En Suisse, c’est à partir de l’âge de 18 ans qu’on peut voter. Mais c’est bien en amont qu’il faut initier les jeunes à décortiquer le langage politique! Comment imaginer, en 2018, dans un monde envahi par les messages, submergé d’invitations à voter pour X ou Y, que subitement, un jeune soit irradié, le jour de ses 18 ans, par les lumières de la compréhension politique? Comment le serait-il, à moins d’un parcours personnel (ce qui est rare), si, dans les années précédentes, il n’a pas été initié à une lecture critique de ce que le monde politique pourra lui délivrer, toute sa vie, comme propagande? Ce travail passionnant, aux confins de l’histoire et de la linguistique, le seul acteur qui peut l’entreprendre à une grande échelle, de façon égalitaire, citoyenne, c’est l’école. Quelle école? Mais celle de la République, l’école pour tous, celle qui est réputée nous donner des clefs pour nous aider à affronter la vie.

Elève acteur

Ce travail d’initiation, il faut qu’il soit vivant, plaisant, excitant.

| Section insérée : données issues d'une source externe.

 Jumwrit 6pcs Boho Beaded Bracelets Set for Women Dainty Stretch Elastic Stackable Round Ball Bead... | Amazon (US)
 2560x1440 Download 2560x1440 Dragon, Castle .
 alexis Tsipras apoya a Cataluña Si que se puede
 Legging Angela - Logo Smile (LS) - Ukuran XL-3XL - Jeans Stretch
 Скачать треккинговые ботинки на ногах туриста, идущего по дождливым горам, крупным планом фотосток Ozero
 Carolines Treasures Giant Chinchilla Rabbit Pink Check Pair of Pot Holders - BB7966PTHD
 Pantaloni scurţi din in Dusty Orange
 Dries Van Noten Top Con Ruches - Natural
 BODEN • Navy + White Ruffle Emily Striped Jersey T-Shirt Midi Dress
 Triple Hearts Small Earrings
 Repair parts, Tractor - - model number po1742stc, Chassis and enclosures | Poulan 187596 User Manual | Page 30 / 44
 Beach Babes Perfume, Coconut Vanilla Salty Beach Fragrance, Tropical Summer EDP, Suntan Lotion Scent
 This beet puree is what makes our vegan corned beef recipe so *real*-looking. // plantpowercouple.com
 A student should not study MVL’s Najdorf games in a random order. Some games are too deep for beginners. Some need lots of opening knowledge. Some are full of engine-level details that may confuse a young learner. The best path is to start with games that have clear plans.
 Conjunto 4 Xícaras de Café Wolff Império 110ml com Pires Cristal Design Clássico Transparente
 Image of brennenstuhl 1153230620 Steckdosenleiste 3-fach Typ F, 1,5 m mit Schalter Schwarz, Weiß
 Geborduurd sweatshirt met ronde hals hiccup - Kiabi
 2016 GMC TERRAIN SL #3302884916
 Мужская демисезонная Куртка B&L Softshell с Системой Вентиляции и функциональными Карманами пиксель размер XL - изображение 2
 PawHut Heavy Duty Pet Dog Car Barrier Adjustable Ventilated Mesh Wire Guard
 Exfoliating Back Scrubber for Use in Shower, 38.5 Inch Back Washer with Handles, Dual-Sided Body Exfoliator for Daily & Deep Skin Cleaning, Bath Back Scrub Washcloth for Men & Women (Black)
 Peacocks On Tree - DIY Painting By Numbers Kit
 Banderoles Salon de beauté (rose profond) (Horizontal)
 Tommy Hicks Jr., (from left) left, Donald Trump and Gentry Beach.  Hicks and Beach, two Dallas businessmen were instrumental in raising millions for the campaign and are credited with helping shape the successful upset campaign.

Il doit faire de l’élève un acteur, et non juste un récepteur à qui on inculquerait, comme à une oie gavée, les notions de base sur le Grand Conseil, le Conseil d’Etat, le National, les Etats, le Conseil fédéral, etc. Beaucoup d’enseignants le font déjà, avec des débats citoyens, comme dans les parlements de jeunes, sur des thèmes d’actualité. Les élèves y tiennent des rôles, prennent position, apprennent à argumenter en écoutant l’adversaire, ce qui est loin d’être si facile.

Citoyens de demain

Tout cela, c’est très bien. Mais il faut aller beaucoup plus loin: la parole médiatique, celle des journaux, des sites, des radios, des TV, doit être abordée de façon critique. Pour cela, il faut prendre le temps d’écouter des émissions, ou les visionner, démonter les mécanismes du langage, analyser le discours. Non pour condamner tel intervenant, mais simplement pour comprendre comment le langage, notamment l’oralité, fonctionne. Ces ateliers, qui existent déjà, doivent se multiplier: ça n’est pas un luxe, mais une absolue priorité pour former les citoyens de demain.

Expression orale

Il se n’agit pas de «faire de la politique à l’école». Mais de faire de l’école le lieu privilégié où l’on acquiert les outils de compréhension du langage politique. Le sens critique, ça s’apprend. Ça s’aiguise. Et cet apprentissage, mené par des profs enthousiastes et éveillés, dans des ateliers et surtout pas dans des cours, doit avoir les vertus d’une mise en appétit. Ces lieux de vie, autour du langage, où la parole se capte avec un micro, puis s’écoute à plusieurs, doivent mettre en jeu le rapport de chacun avec l’expression orale. Chacun doit y être respecté. La formation doit se faire dans l’esprit d’un humanisme révélateur des qualités individuelles. Il faut qu’on s’y engage, qu’on y mette du sien, qu’on s’y engueule un peu, qu’on y éclate parfois de rire. Comme dans la vie. Oui, je rêve que l’école consacre beaucoup plus de temps à former des citoyennes et des citoyens. Et pas seulement des consommateurs. Ou des clients.